PROBLEM STATEMENT >>
Repeat the data word for word. Do not include the pictures.
+++ COLLECTED DATA
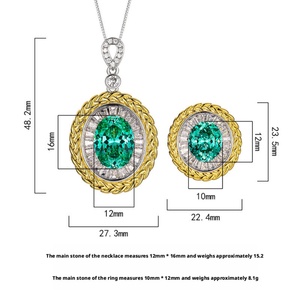 2026 Best Selling Eco-friendly Copper 12*16/10*12mm Colorful Zircon Floral Pendant <b>Earrings</b> Ring Set of Jewelry in Gold Plated - Product Image 2
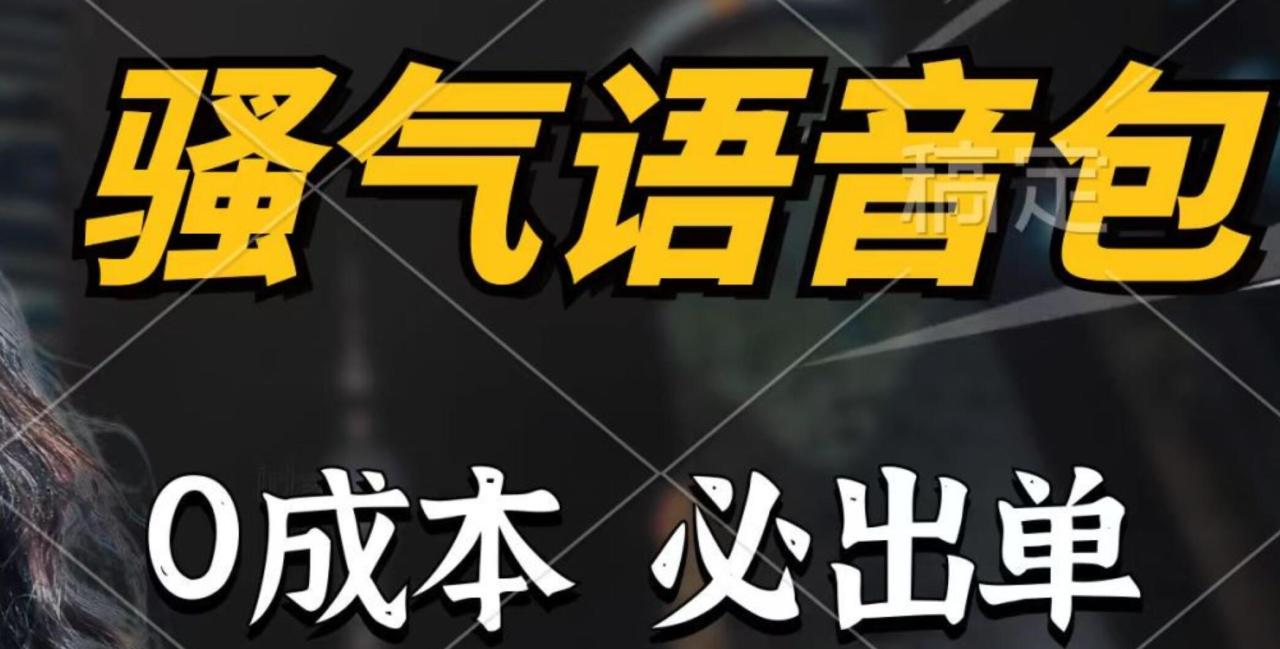 骚气语音包，0成本一天1000+，闭着眼也能出单，详细教程！-九章网创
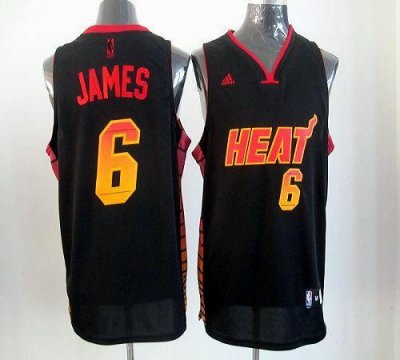 Jerseys Factory Cheap Heat #6 LeBron James Black Stitched NBA Vi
++++++
REPLY TO THE TASK >>
 2026 Best Selling Eco-friendly Copper 12*16/10*12mm Colorful Zircon Floral Pendant <b>Earrings</b> Ring Set of Jewelry in Gold Plated - Product Image 2
 骚气语音包，0成本一天1000+，闭着眼也能出单，详细教程！-九章网创
 Jerseys Factory Cheap Heat #6 LeBron James Black Stitched NBA Vi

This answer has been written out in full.